The first 10 to 15 meters were very narrow and we decided to rappel this section before stepping into our skis. Having rappeled several times by now, I was only excited to drop in. Going first meant I had to create a platform to safely transition into ski mode. I was still on the rope, so the worst thing that could happen was to drop my gear. This would actually have been a serious problem, but not as bad as falling down myself…
Soon I was ready to make some turns but first I had to get off the rope. Jonathan came down and clicked into his skis as well and time had come to make the best turns of my life. At least, that was the plan. It was seriously steep at the top and I realized strong focus was needed. As many steep skiers have said in the past:
“When skiing very steep terrain you can not think of the consequences. You only think about the next turn. Otherwise you won’t go. This way you really live in the moment, a very special experience. Life suddenly is very simple, you have to do one thing and you have to do it right!”

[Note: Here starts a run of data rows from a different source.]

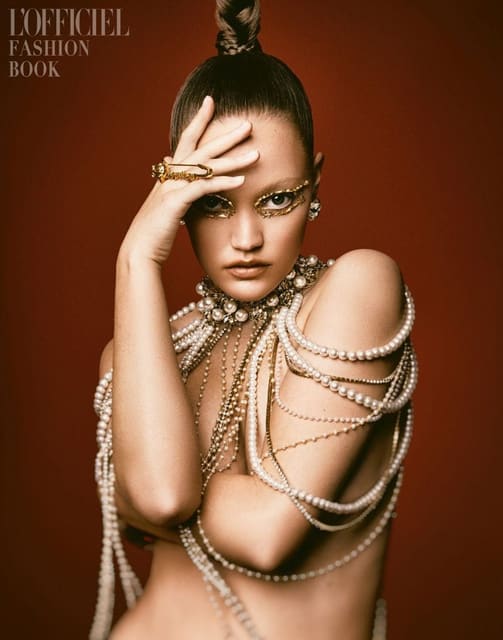 CHAÎNES D’OR by Dani Sax — L'Officiel Fashion Book Australia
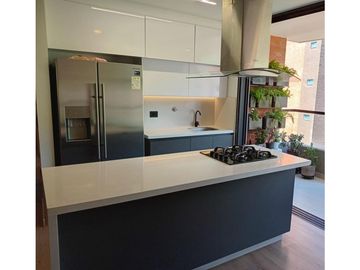 VENTA APARTAMENTO EN LOMA DE LOS MESA ENVIGADO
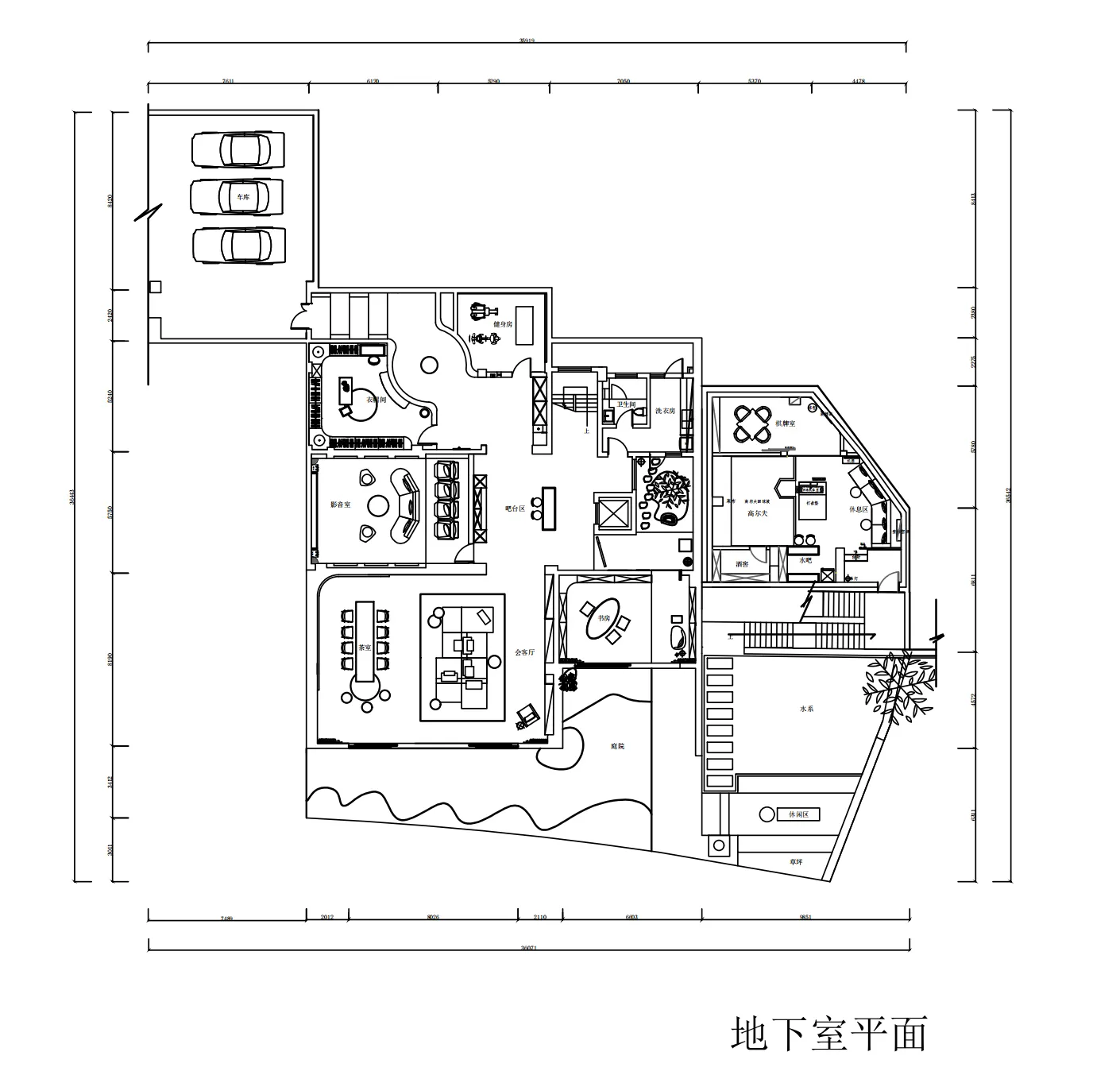 房屋一樓的詳細建築藍圖,包含房間、尺寸與配置。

This was exactly my experience. Sure, if you fall at the top, the consequence will not be very nice. You can’t afford to think about that because you’ll probably ski in a very tense way and you won’t enjoy it. So, I gathered all the experience I had and turned it into confidence. Sure, I can ski 50 degrees terrain so let’s do this!
Helped by great conditions, I made one turn at the time in the upper section. After 50 meters or so, the couloir opened up a little bit resulting in more space to play with. The snow was fantastic (on May 5, yes!) and we made some very nice turns. Once we arrived at the bottom section, the snow started to become a little bit affected. It was still very enjoyable though and only several minutes later, high fives were the result of completing a simply sensational descent!
After our celebration we were treated by some delicious corn to ski down to refuge Villar d’Arène. Spaghetti and a cold coke seemed quite appropriate to us at that point. After our adventure, we were suddenly in our t-shirts chilling in the sun in 20 degrees. Skiing in May, not a bad option when things work out…
While relaxing outside the hut, reviews arrived about Piaget. Apparently the snow was really affected and people had chosen to descend on the other side, a more mellow descent. Not knowing the ability and preference of those people, we still waited for the next morning to make our own decision. Overnight a strong wind had affected the snowpack even more and when clouds arrived, preventing the frozen snow from warming up by the sun, we had to conclude that couloir Piaget, the classic steep skiing run of the Ecrins, was not in condition this day. We decided to call it a day and finish the trip with great memories of Couloir E de Brèche Cordier!